Chrono24 : Fabrizio, c’est un plaisir de vous rencontrer ici lors des Geneva Watch Days. Je sais que vous avez une grande passion pour le dessin. Qu’aimez-vous le plus dessiner ?
Fabrizio : Les objets. Je ne sais pas pourquoi, mais il en a toujours été ainsi. Lorsque je suis au téléphone ou dans une réunion particulièrement longue, je commence à griffonner. Je dessine toujours des voitures, des montres ou des objets similaires, jamais d’êtres humains.
Chrono24 : Dans votre processus de création, avez-vous un cadre spécifique qui vous aide à trouver des idées ? Un endroit préféré pour dessiner, ou un environnement particulier qui stimule votre créativité ?
Fabrizio : Pas vraiment. À un moment donné, une idée me vient et je commence à dessiner, généralement avec un stylo-bille ou un stylo-plume. En fait, dans 99 % des cas, j’utilise un stylo. Je n’emploie plus de crayons et je ne me souviens même plus de la dernière fois où j’en ai utilisé, cela doit faire une vingtaine d’années. Je ne sais pas trop pourquoi… Cela remonte peut-être à l’époque où je travaillais chez Fiat, et où designer m’a dit un jour : « Nous sommes des professionnels, nous n’utilisons pas de crayons. Nous utilisons des stylos. »
C’est peut-être pour cela, ou peut-être pas. Quoi qu’il en soit, je préfère les stylos – c’est mon outil préféré. Je commence à dessiner, puis je passe à une autre idée, puis à une autre, en fonction de mon degré de concentration. S’il s’agit d’un objet que j’aime, comme les montres, mon processus ressemble à ceci.

Je ne m’attarde pas sur les petits détails tels que les pierres. Pour moi, il s’agit surtout de capturer les lignes essentielles, les formes clés et les bonnes proportions. Les détails peuvent venir plus tard, mais ils je les trouve moins intéressants. Dans un premier temps, le plus important est de coucher l’idée sur le papier avant qu’elle ne disparaisse.

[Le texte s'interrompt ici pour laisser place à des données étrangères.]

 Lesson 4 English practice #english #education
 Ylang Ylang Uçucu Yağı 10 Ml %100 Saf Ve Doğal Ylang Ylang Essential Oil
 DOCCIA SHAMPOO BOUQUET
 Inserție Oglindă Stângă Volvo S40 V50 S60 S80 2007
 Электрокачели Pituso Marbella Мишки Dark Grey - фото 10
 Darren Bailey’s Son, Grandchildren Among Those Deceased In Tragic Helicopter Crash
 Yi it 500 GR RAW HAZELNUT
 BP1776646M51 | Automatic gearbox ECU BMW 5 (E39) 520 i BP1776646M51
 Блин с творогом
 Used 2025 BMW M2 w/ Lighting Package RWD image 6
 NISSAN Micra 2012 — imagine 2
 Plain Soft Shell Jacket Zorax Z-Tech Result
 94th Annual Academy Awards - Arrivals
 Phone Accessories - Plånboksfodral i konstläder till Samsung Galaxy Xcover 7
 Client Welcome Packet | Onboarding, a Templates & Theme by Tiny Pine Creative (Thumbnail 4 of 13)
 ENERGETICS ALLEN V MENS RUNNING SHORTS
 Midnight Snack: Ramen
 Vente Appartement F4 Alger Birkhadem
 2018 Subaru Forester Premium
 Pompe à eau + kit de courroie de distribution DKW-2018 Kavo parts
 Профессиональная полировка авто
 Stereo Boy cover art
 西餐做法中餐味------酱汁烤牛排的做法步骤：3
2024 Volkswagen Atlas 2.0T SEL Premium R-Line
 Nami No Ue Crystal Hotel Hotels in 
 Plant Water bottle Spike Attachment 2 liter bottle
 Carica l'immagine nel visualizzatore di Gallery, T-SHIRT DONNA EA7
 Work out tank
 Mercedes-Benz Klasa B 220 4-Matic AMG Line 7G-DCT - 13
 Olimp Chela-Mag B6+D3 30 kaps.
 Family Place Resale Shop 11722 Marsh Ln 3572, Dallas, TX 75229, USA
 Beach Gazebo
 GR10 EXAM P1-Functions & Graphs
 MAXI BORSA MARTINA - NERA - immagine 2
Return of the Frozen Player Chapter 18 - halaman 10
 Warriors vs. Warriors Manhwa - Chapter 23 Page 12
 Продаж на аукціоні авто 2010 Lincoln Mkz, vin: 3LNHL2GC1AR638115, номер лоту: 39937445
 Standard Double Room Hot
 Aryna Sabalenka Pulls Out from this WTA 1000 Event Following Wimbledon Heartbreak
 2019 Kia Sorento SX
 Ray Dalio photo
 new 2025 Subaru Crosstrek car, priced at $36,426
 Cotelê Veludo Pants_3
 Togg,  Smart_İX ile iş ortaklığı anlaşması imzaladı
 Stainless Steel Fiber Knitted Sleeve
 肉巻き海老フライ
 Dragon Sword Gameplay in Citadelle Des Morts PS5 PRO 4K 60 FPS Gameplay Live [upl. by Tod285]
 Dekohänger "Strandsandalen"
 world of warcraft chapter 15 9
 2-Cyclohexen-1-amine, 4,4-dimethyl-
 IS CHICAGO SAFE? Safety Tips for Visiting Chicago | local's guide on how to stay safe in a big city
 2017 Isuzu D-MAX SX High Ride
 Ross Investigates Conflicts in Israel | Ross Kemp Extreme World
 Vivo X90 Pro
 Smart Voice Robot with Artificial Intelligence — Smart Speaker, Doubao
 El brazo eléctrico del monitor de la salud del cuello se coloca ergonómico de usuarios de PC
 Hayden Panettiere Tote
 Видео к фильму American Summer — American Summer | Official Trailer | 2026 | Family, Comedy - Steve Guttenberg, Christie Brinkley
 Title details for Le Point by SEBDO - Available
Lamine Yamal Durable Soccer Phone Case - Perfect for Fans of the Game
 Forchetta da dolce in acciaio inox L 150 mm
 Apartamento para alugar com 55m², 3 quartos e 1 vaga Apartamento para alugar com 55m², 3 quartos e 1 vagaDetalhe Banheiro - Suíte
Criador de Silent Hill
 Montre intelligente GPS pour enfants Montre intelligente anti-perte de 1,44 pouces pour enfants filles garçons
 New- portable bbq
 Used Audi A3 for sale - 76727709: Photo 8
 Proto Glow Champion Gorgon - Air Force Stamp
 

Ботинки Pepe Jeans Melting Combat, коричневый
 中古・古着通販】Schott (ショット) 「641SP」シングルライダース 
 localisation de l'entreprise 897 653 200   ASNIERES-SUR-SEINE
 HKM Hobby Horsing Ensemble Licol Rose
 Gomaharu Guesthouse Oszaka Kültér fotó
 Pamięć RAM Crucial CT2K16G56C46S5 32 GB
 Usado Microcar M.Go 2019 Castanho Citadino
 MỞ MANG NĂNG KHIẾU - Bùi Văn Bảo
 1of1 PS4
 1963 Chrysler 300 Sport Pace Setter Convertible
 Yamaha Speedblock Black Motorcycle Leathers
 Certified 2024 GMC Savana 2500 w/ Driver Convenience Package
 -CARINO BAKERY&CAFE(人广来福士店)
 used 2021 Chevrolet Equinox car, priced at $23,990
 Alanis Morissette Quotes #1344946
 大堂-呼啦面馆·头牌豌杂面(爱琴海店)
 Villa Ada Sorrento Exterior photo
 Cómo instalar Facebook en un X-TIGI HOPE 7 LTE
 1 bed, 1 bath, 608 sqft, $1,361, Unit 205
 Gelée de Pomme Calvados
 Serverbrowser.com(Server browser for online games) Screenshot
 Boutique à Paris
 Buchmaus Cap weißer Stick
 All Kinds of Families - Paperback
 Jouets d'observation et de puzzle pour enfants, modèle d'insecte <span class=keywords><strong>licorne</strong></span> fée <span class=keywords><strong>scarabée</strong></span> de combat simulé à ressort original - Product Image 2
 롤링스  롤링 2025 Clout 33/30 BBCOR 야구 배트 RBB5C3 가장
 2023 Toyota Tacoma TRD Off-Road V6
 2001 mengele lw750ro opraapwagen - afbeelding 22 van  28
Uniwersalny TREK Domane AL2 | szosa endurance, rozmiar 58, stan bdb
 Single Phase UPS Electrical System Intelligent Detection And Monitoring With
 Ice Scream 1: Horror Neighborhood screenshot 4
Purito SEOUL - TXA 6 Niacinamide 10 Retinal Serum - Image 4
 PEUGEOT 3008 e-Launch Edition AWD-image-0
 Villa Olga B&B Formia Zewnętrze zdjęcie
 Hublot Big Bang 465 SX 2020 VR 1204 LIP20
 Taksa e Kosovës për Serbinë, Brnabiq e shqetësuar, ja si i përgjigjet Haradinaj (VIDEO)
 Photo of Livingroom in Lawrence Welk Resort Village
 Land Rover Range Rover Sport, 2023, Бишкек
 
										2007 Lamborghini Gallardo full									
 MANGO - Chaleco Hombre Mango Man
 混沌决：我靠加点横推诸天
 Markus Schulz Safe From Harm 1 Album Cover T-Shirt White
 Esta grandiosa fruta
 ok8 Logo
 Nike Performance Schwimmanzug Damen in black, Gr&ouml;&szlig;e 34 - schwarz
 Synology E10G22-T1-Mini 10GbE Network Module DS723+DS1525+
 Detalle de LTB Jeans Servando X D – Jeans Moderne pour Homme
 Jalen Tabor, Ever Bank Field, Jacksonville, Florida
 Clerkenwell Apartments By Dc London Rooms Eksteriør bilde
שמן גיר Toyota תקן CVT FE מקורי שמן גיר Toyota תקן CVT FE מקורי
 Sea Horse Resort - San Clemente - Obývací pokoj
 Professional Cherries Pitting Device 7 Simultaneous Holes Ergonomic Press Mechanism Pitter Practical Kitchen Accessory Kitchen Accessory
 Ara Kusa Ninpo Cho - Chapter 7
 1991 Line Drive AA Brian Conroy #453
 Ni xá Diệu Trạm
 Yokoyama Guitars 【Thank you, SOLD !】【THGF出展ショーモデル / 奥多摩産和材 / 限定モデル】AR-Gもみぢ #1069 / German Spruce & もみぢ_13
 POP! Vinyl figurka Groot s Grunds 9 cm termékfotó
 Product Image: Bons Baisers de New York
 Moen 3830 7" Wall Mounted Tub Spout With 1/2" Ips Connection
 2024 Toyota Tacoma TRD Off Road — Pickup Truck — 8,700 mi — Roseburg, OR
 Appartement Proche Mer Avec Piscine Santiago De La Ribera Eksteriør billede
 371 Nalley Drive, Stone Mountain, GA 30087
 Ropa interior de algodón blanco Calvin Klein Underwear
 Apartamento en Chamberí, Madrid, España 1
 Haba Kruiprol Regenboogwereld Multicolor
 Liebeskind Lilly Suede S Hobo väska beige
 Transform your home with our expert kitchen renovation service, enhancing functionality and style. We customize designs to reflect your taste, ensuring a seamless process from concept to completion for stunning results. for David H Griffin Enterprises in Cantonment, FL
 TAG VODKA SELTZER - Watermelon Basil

Chrono24 : Ressentez-vous parfois une forme d’impulsion, Un besoin de mettre votre idée sur papier ?
Fabrizio : Je ne sais pas. Mon cerveau a un fonctionnement très particulier. Je peux visualiser les objets avec une précision incroyable, comme s’ils tournaient dans mon esprit et s’assemblaient d’eux-mêmes. Je peux voir les différentes vis et leur emplacement. C’est ma façon de travailler. Certains designers ou artistes commencent à faire des croquis ou des peintures dans un but différent, mais ma méthode consiste à voir l’objet dans ma tête.
Cela me permet de créer des croquis précis, détaillant jusqu’aux fonctions et à la mécanique des objets. Je peux littéralement les voir s’assembler et me dire : « Tiens, il faut que je modifie cette partie ou cette ligne à l’arrière, sinon cela ne bougera pas une fois assemblé… ».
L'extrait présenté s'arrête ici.